3. "Yes, it will work"/"Try next week"/"Try in two hours"/"Come in three days"/"Go to Jebel Ali"
When these terms apply to getting a PIN for telephone banking, they all translate as "You are profoundly screwed and will never have a working PIN. Thanks for banking with HSBC."
Hubby has been trying for seven weeks - I sh*t you not - to get a PIN. They don't, by the way, just let you choose your own PIN via phone or at a branch. You must use one of three methods to get a piece of paper with an arbitrarily-generated PIN on it, then wait 24 hours, then call the telephone banking centre. (You cannot verify your identify with anything other than your PIN, naturally. Not even were you to courier a vial of your "Biological" would they believe you were who you claimed to be, I suspect.)
Method 1: Wait at home for several days straight for a courier that never arrives.
Method 2: Visit a branch during its obscure "timings" to get a PIN, which won't work when you get home.
Method 3: Wait in vain for a PIN to be mailed to you.
After applying the above numerous times for several weeks, happily, a new strategy has emerged that seems to be working:
Method 4: Anytime you think about banking, PINS or anything remotely financial in nature, open a bottle of wine.
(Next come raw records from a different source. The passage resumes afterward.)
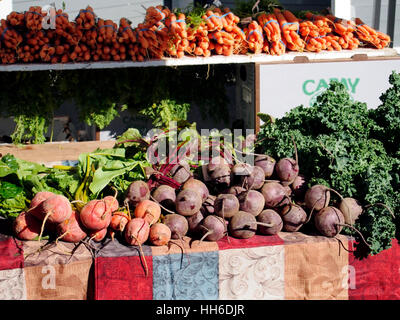 Verdure fresche in vendita il settimanale mercato degli agricoltori nel paese di Marin Mart a Larkspur Landing a Marin County, California. Foto Stock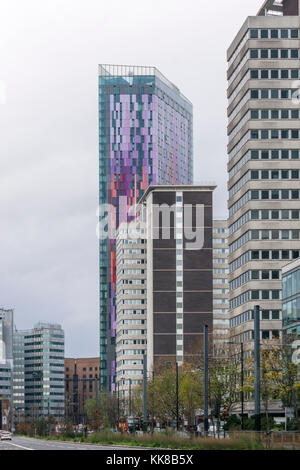 Die bunten Turm von Safran Square, croydon von rolfe Judd konzipiert und im Jahr 2016 abgeschlossen. Stockfoto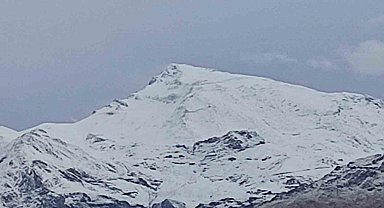 Batman'a mevsimin ilk karı yağdı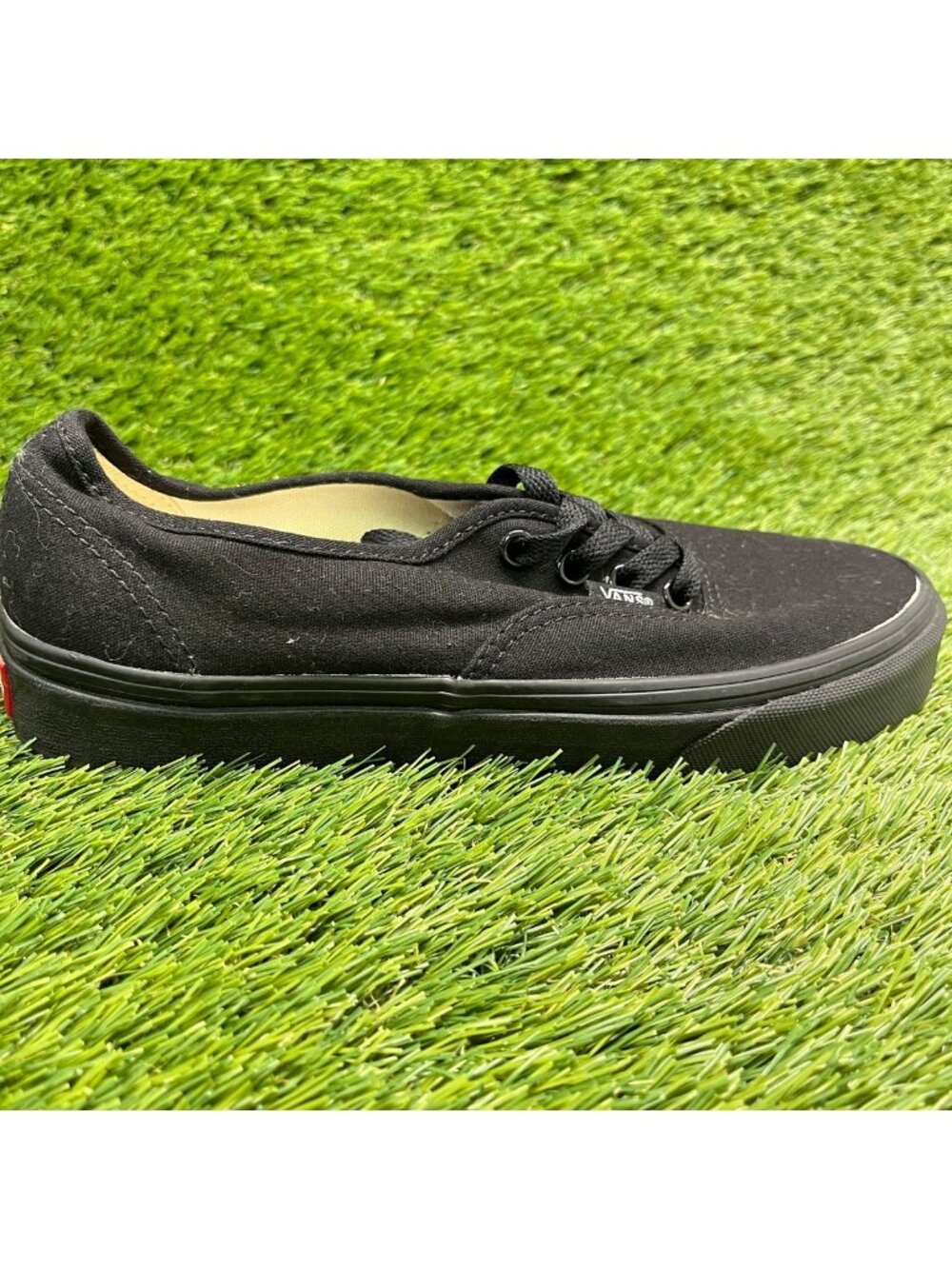 Vans Authentic Womens Size 7.5 Triple Black Gum Athletic Skate Shoes Sneakers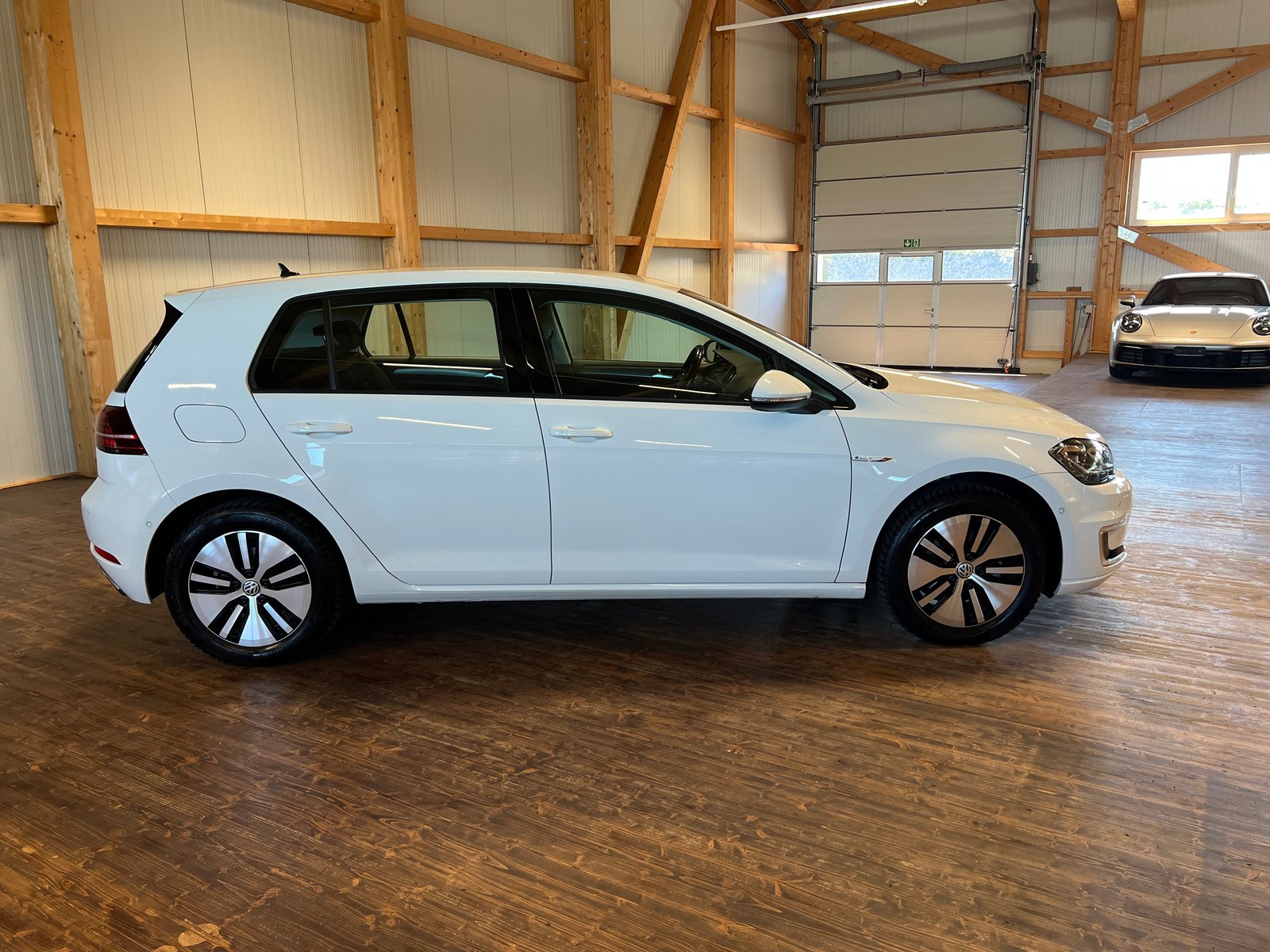 VW e-Golf, Électrique, Occasion / Utilisé, Automatique - 4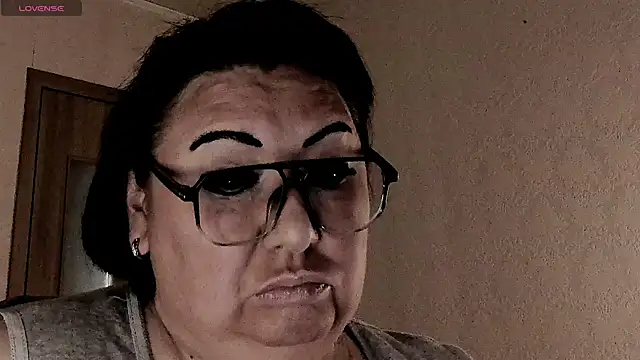 SexxyDreams1 online show from 04/04/26, 02:07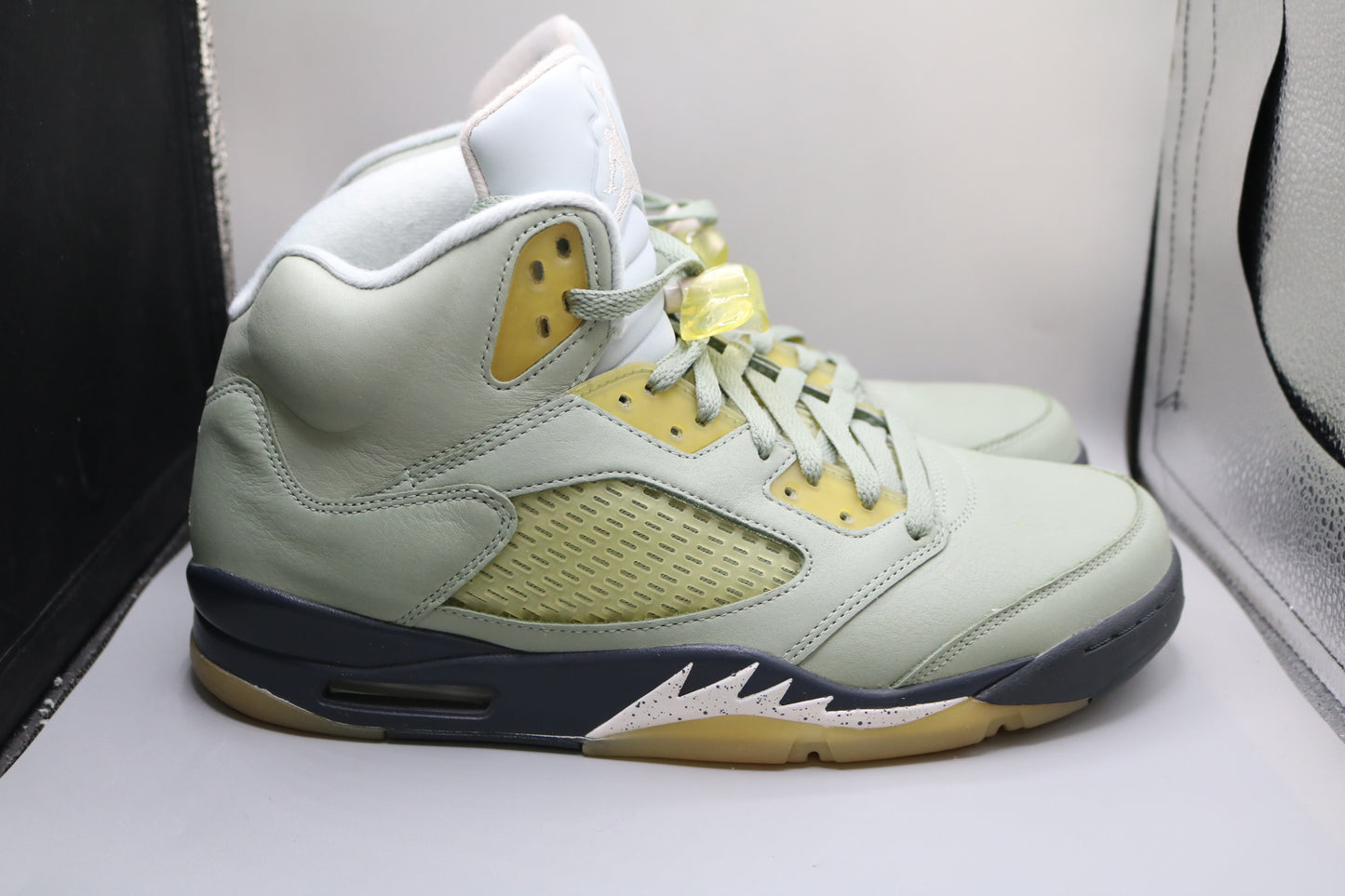 Air Jordan 5 Jade Horizon Size 12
Repeat as necessary.
4. "Mamsir"
Mamsir is what we are called when we shop in Dubai. Most often the term is used by the faultlessly-polite Filipina salespeople. They practically turn it into a song: "Helloooooomaaammmmsirrrrr!"
If there's more than one salesperson around, we are treated to a harmonious, choir-like effect, a lilting chorus of "Hellooooooomaaaammmsiiirrrrrr's" that accompany us as we walk through the store.
Initially, it was a bit nerve-wracking as you were never sure when a salesperson would leap out from behind a chaise lounge with a Tigger-like bounce and sing "HELLOOOOOOMAAAMMSIRRRR!" at you. But we've gotten used to it, and really, how bad can it be to have a soundtrack for your furniture-buying expedition? Not bad at all.